For example, the position on the display screen pointed at by the
controller 7 can be calculated. In the game image shown in FIG. 18,
a gunsight object TG is displayed at the target position in the
game space, which corresponds to the position on the display screen
of the monitor 2 being pointed at by the player with the controller
7.
[0172] When the player presses down the control button 72d of the
controller 7, the bullet object OBJ representing a bullet, etc., is
shot from a predetermined position in the game space (e.g., the
position at which the player character is located) toward the
gunsight object TG. The speed v at which the bullet object OBJ
travels through the game space varies according to the press-down
load with which the control button 72d is pressed down by the
player. For example, as the player presses down the control button
72d harder, the moving speed v of the bullet object OBJ increases,
and the damage on the enemy object E hit by the bullet object OBJ
increases. However, if the player presses down the control button
72d hard, the housing 71 of the controller 7 will be jerked
substantially. This will also jerk the position on the display
screen of the monitor 2 pointed at by the controller 7, thus
shifting the position of the gunsight object TG. Thus, while the
player can shoot a fast and damaging bullet object OBJ by pressing
down the control button 72d hard, it will then become more
difficult to control the position the bullet object OBJ will reach,
thus improving the playability of the game.

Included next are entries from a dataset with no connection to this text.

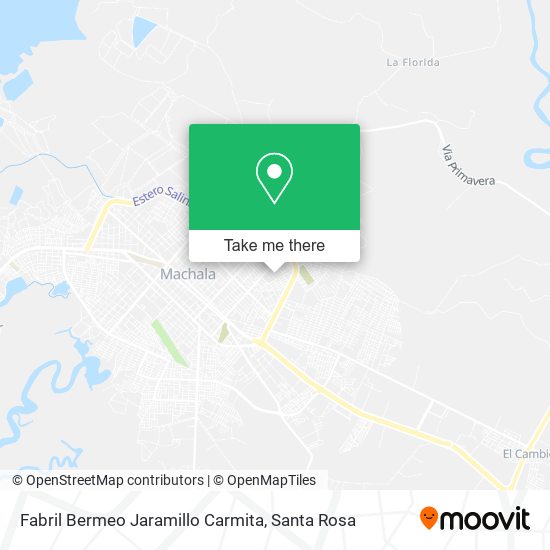 Mapa de Fabril Bermeo Jaramillo Carmita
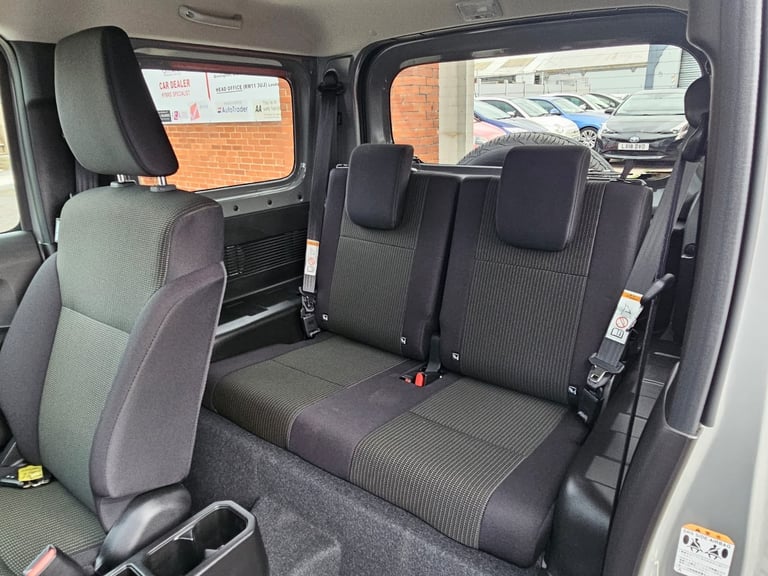 2024 Suzuki Jimny 1.5 Petrol Automatic 4 Seats SUV 3dr 4WD SUV Petrol Automatic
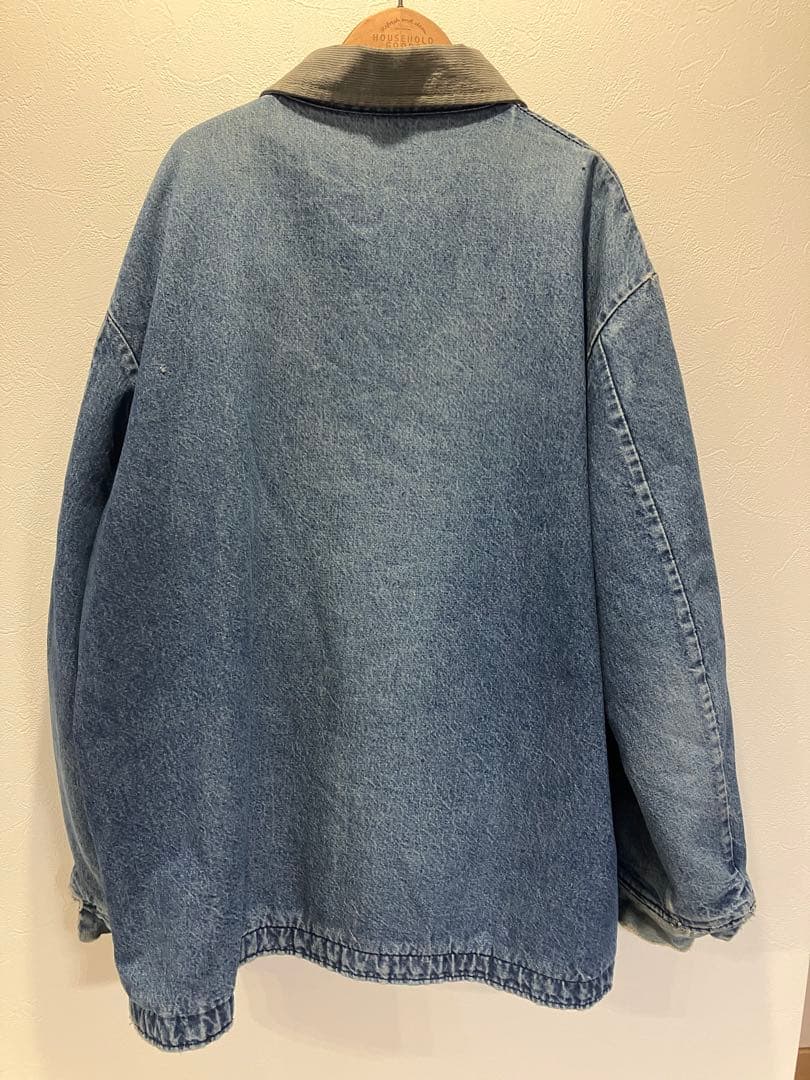 り*と様 BIG BEN デニムカバーオール ジャケット ブランケットライナー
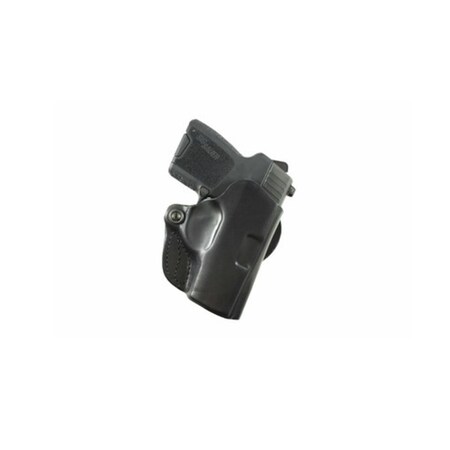 Desantis DeSantis RH Black Mini Scabbard Holster-Walther PPK PPK/s 019BA74Z0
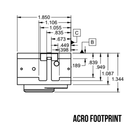 C&H Duty Optic - 3 MOA Dot Reticle Sight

[0173] This can be applied to a sports video game, or the like,
where the player controls a ball. For example, where the present
invention is applied to a baseball video game, in which the player,
controlling the pitcher, presses down the control button 72d to
pitch a ball to the catcher, the player can throw a fast ball by
pressing down the control button 72d hard, but it will then be more
difficult to control the ball.
[0174] The details of the game process performed based on the first
position data Da1, the second position data Da2 and the press-down
load will now be described. A game process in which the moving
speed of an object is varied according to the press-down load will
be described as a specific example of the present invention. The
main flow of the game process is similar to that shown in the flow
chart of FIG. 14. In the game process, the acceleration information
storing process and the button information reading process are
similar to the subroutines in FIGS. 15 and 16. Therefore, these
processes will not be further described below, and the game main
process in the game process will now be described with reference to
FIG. 19.
[0175] Referring to FIG. 19, the CPU 30 refers to the first
position data Da1 and the second position data Da2 to calculate the
target position in the game world (step 91). Then, the CPU 30
places the gunsight object TG at the calculated target position
(step 92), and the process proceeds to the next step. An exemplary
method for calculating the target position based on the first
position data Da1 and the second position data Da2 received from
the controller 7 will now be described.
[0176] The first position data Da1 and the second position data Da2
are position data each representing a position in the captured
image of the markers 8L and 8R, and are transmitted from the
communications section 75 of the controller 7 to the video game
device main unit 5 at a predetermined interval (e.g., 5 ms). Then,
the CPU 30 uses the position data for each frame.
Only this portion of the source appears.